As the word “Yeo” might apply to any of a number of rivers, so “Home” might apply to any country. If there could be a mutual recognition and respect of the differing claims to be exceptional, the conflicting exceptionalisms would be no more troubling than the different notions of what was meant by the River Yeo.
Perhaps, and I’m just putting it out there. Perhaps Yeo refers to the size. A middling sort, like how Yeoman is used, not freeman of a stream but neither the weightier corpulence of the landed gentry.
In the Yeoman sense, Yeo is said to derive from Junge or boy in German.
Pretty sure ‘yeo’ is descended from, or at least cognate with, the Old English word for ‘wet stuff’: “ēa ” -which I would pronounce as in the German ‘Au’ but others would disagree with that.
The problem with your take is the Y. You can either have a T sound or a Greek I.
Apparently the ‘Y’ was added later in the ME period (outside my kenn) and also gave us the variant spelling as ‘yar’ (I assume as in the River Yare here).
I assume the presence of six such Yeos in Somerset indicates an Old English source?
Not only does the presence of 6 Yeos indicate an OE source (to my mind) but the fact there is a ‘River Yeo’ for example also indicates such an origin.
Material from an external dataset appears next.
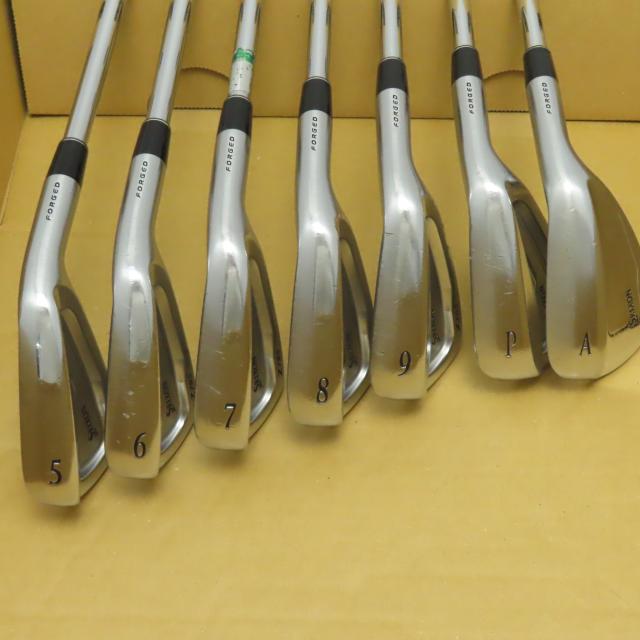 【中古ゴルフクラブ】ダンロップ　SRIXON　スリクソン Z785 アイアン N.S.PRO MODUS3 TOUR 120　シャフト：N.S.PRO MODUS3 TOUR 120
The word river of course is from the Norman French for ‘river’ so ‘River Yeo’ or ‘River River’ is a typical ‘Torpenhow Hill’ type tautology and not uncommon in England I believe.
Also interesting (well for me, sad old man that I am ) is that the OE word for ‘water’ was , as said,: “ēa ” and is , apparently cognate with the Norman (and modern French) ‘Eau’. I have said I would pronounce “ēa ” as “au” (as in MG ‘Augen’) but that others, far more knowledgeable than I, would say it ‘eeh-aa’ or similar.
But if ēa were indeed said ‘eeh-a’ or so then I should wonder that when the Normans came to the Cornwall, that they didn’t pick up on the fact that it was simply the word for water and not the name of the river itself.
It is almost impossible to be exact for a number of reasons. Mostly because the languages were quite plastic between each other and when the process of codification began the tools used were designed for Latin and Greek, and sometimes Aramaic.
So here we have a word that may be Old Irish, the progenitor of all the Celtic languages on these islands. Or may even be the Common Celtic that existed in Europe before the Romans. It could be Anglo-Saxon. It could even be Norse of one sort or another. Or even French north or south given the entire area was held by French religous orders from before William.
There’s a few reasons I lean away from the Water argument. One, using the same word across many in the one area is pointless. It’d be like when people were name John by the thousand in a county but then required sub designators like Little John, John o’the Hill and so on.
But also water in that area would be like Intuit’s naming snow. That’s why I think it’s a type of river, akin to how we use the word Rapids.
You’ll also have noticed current usage places a definite article and then the name of the river as in ‘the Mersey’, and only in very formal settings will you get ‘the river Mersey’.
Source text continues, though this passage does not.